WORK INSTRUCTION:
Find the line containing "Miniatura de National", then print it and each following line through the end of the records, exactly and with nothing added; leave out any pictures.

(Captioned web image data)
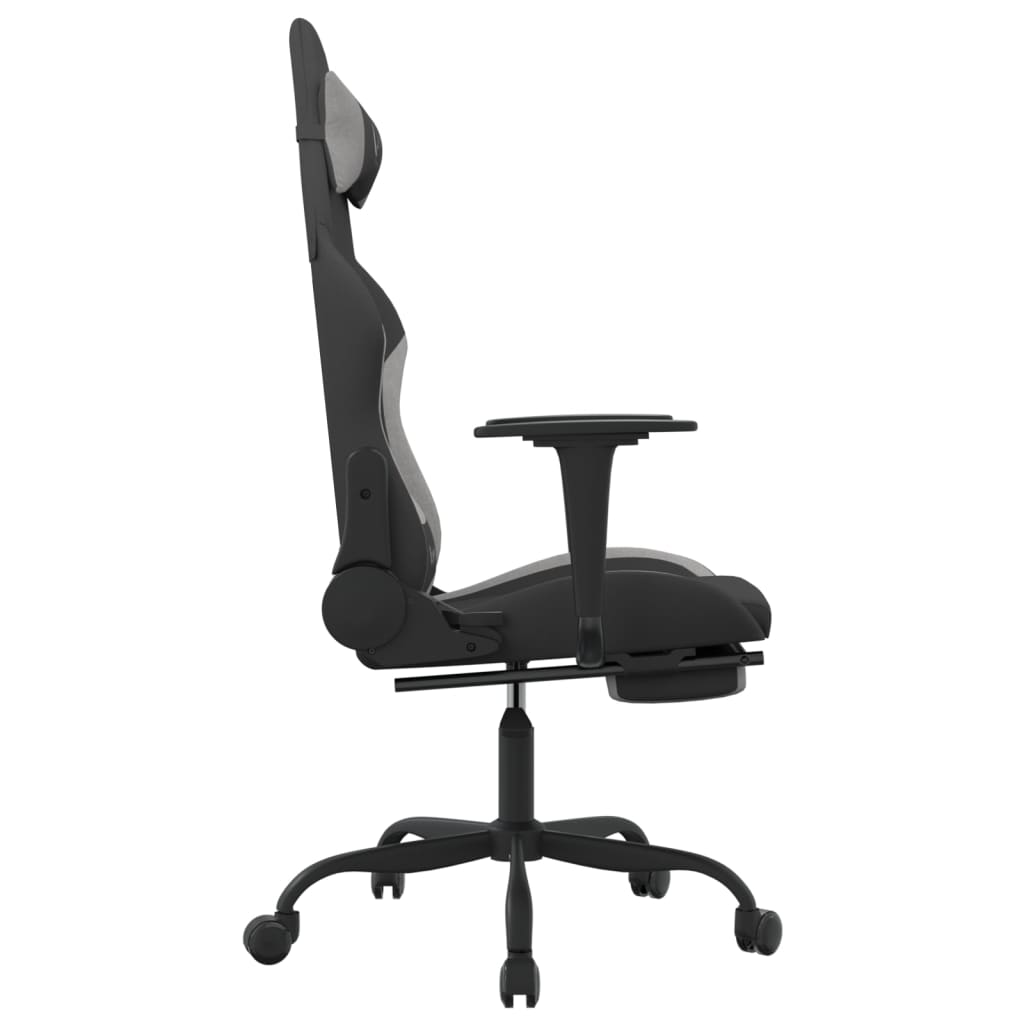 Chaise de jeu de massage repose-pied Noir et gris clair Tissu - XIOS
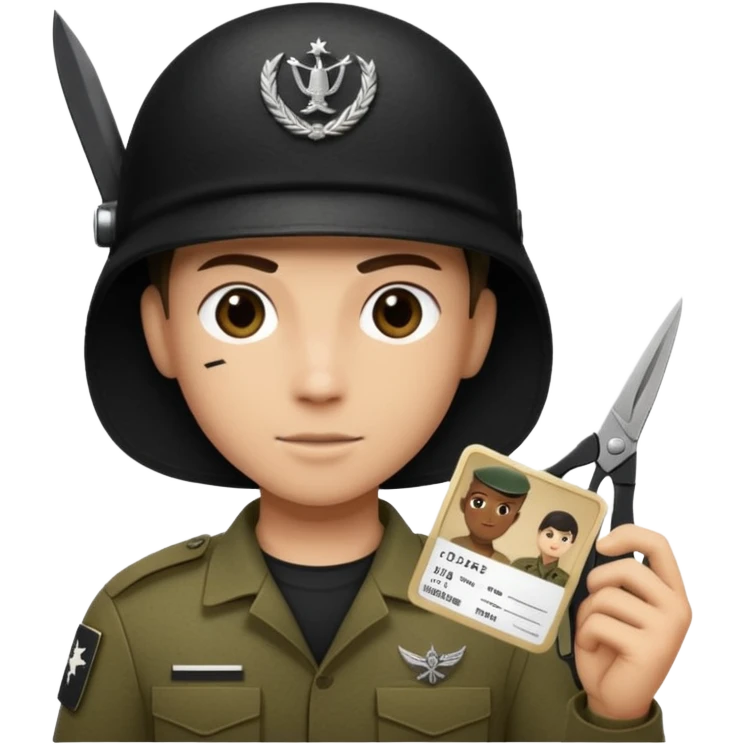 Floating black Scissors cutting in half an idf soldier ID card with a little chip in 2 parts emoji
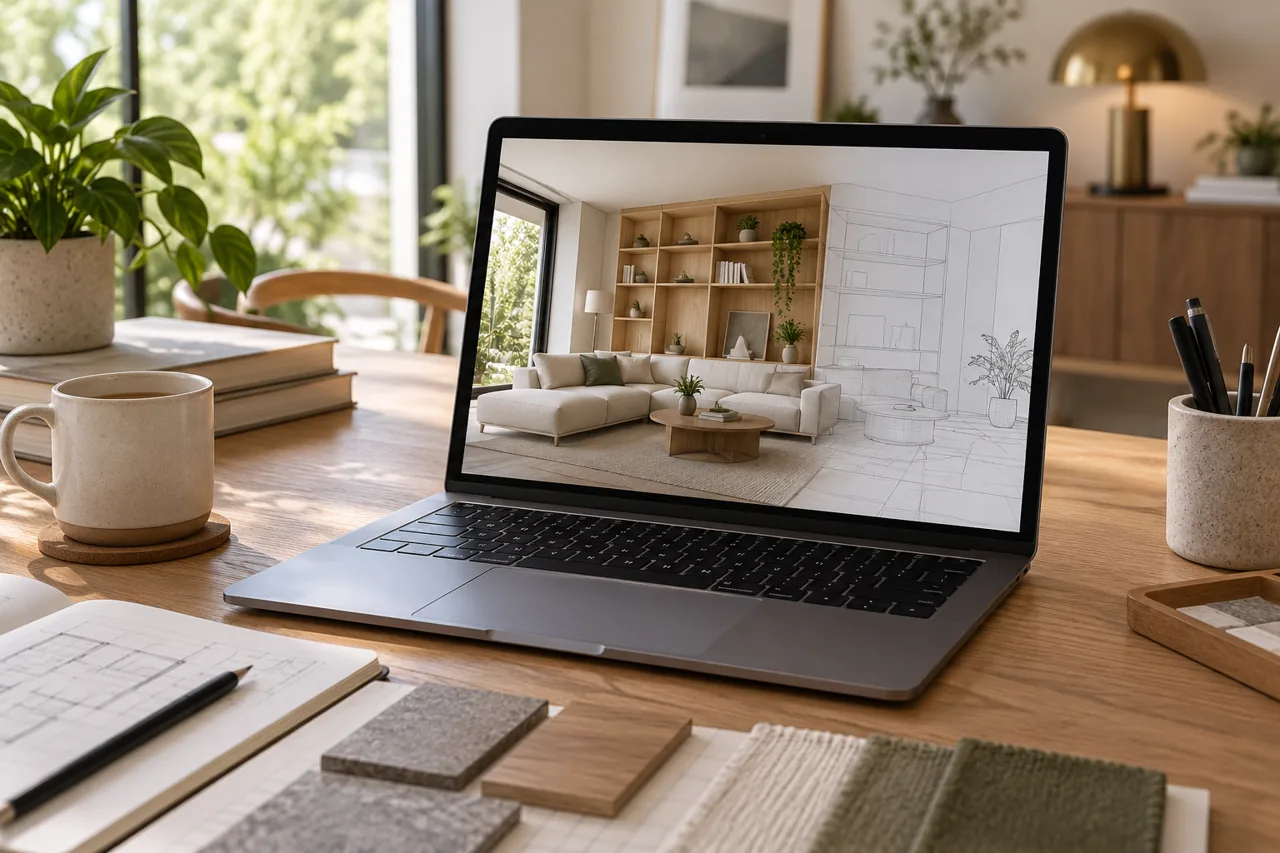 Close view laptop displaying generic architectural 3D room model with sofa and shelves, neutral professional desk, no branded interface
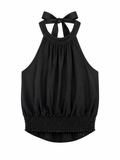 Top Chloe negro con escote halter y cintura elástica fruncida.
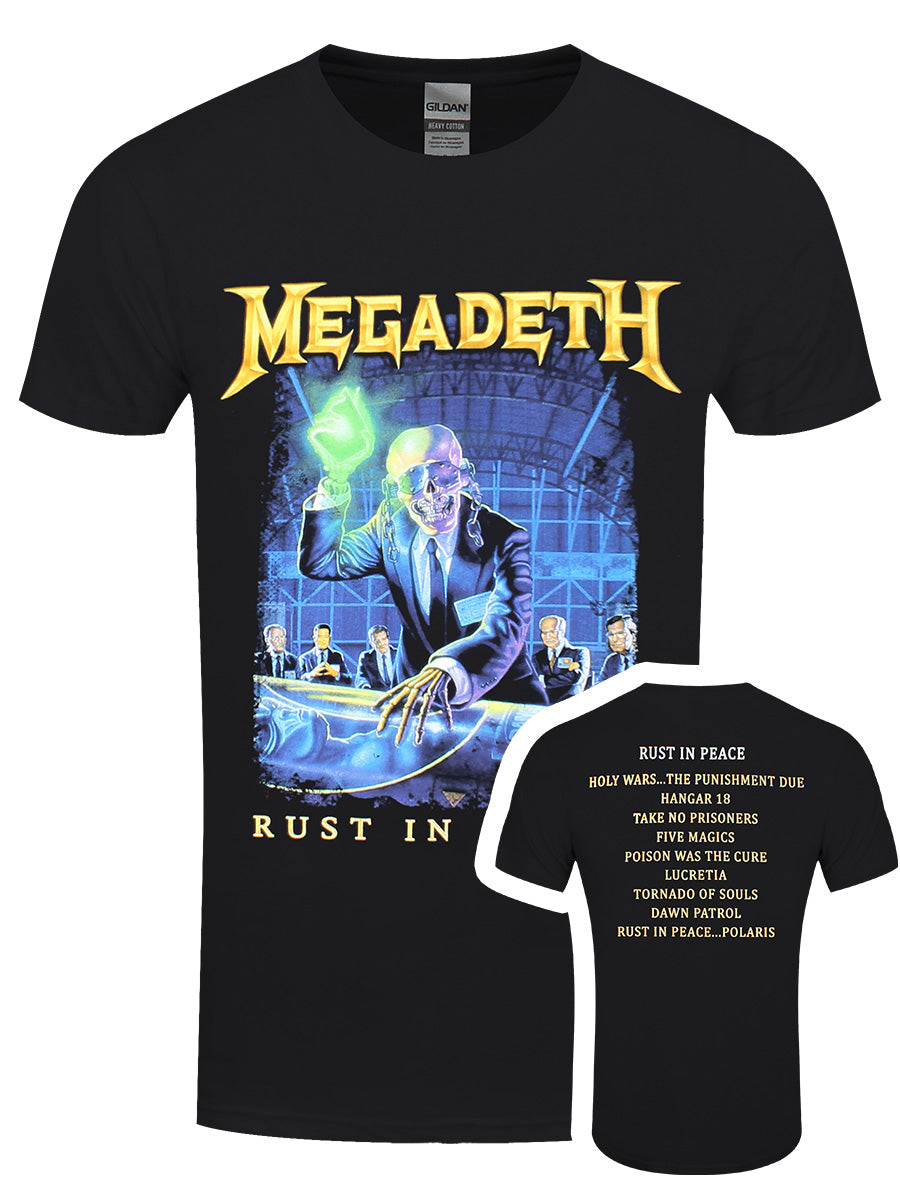 Megadeth Rust In Peace Tracklist Men's Black T-Shirt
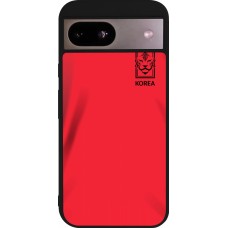 Coque Google Pixel 8a - Silicone rigide noir Maillot de football Corée du Sud 2022 personnalisable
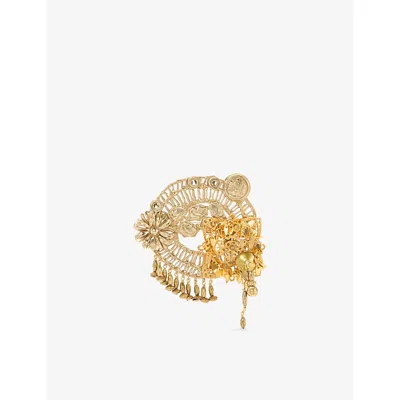 Dries Van Noten Womens  Floral And Bead-embellished Brass Brooch In Gold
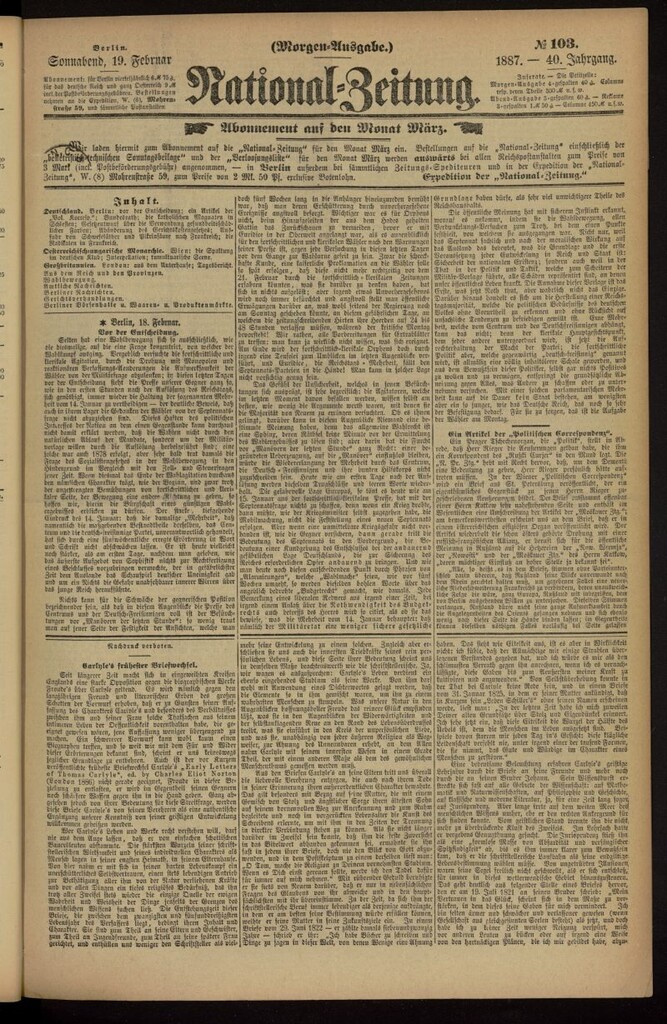 Miniatura de National Zeitung del 19 de febrero de 1887, nº 103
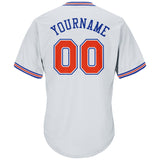 Custom White Orange-Royal Authentic Throwback Rib-Knit Baseball Jersey Shirt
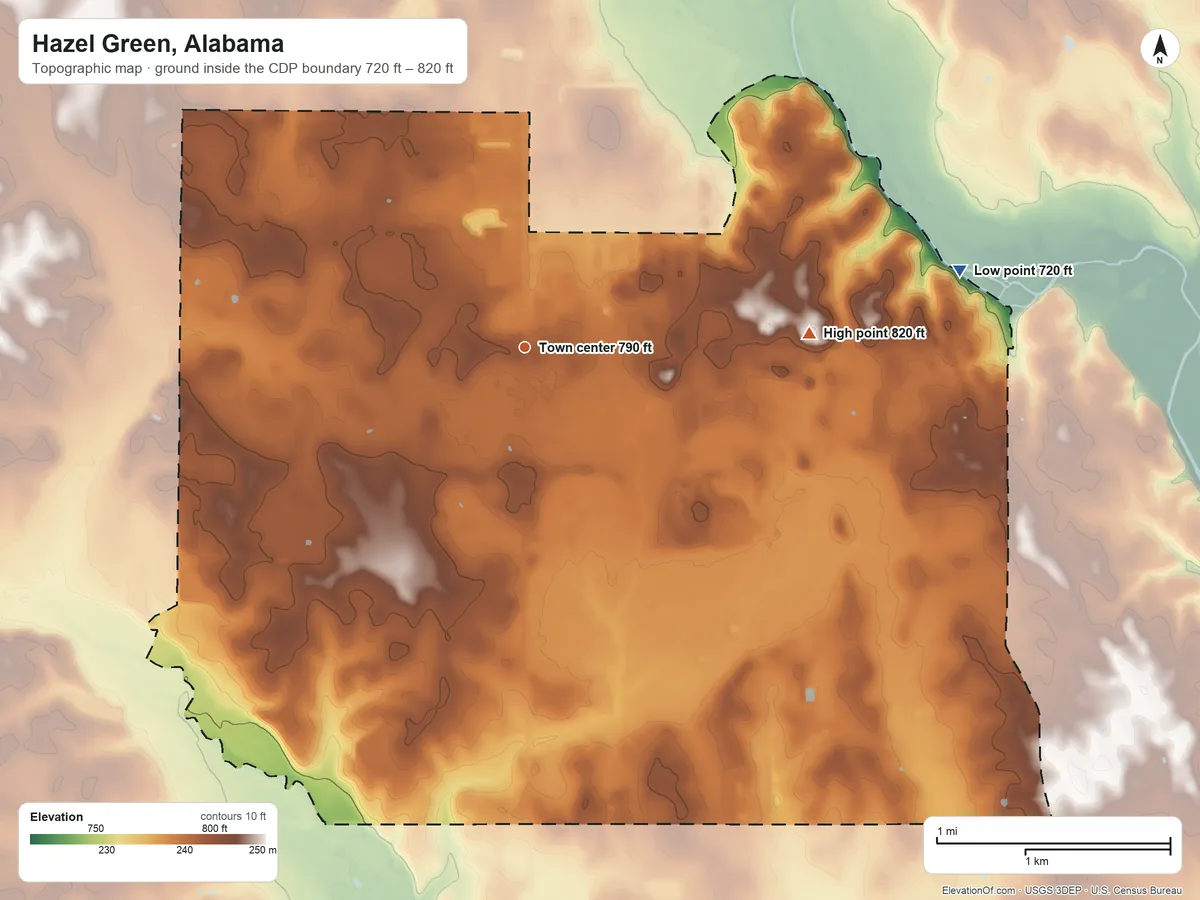Topographic elevation map of Hazel Green, Alabama, shaded from 720 ft on the east side to 820 ft on the east side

SOLUTION TO THE EXERCISE:
 Miniatura de National Zeitung del 19 de febrero de 1887, nº 103
 Custom White Orange-Royal Authentic Throwback Rib-Knit Baseball Jersey Shirt
Topographic elevation map of Hazel Green, Alabama, shaded from 720 ft on the east side to 820 ft on the east side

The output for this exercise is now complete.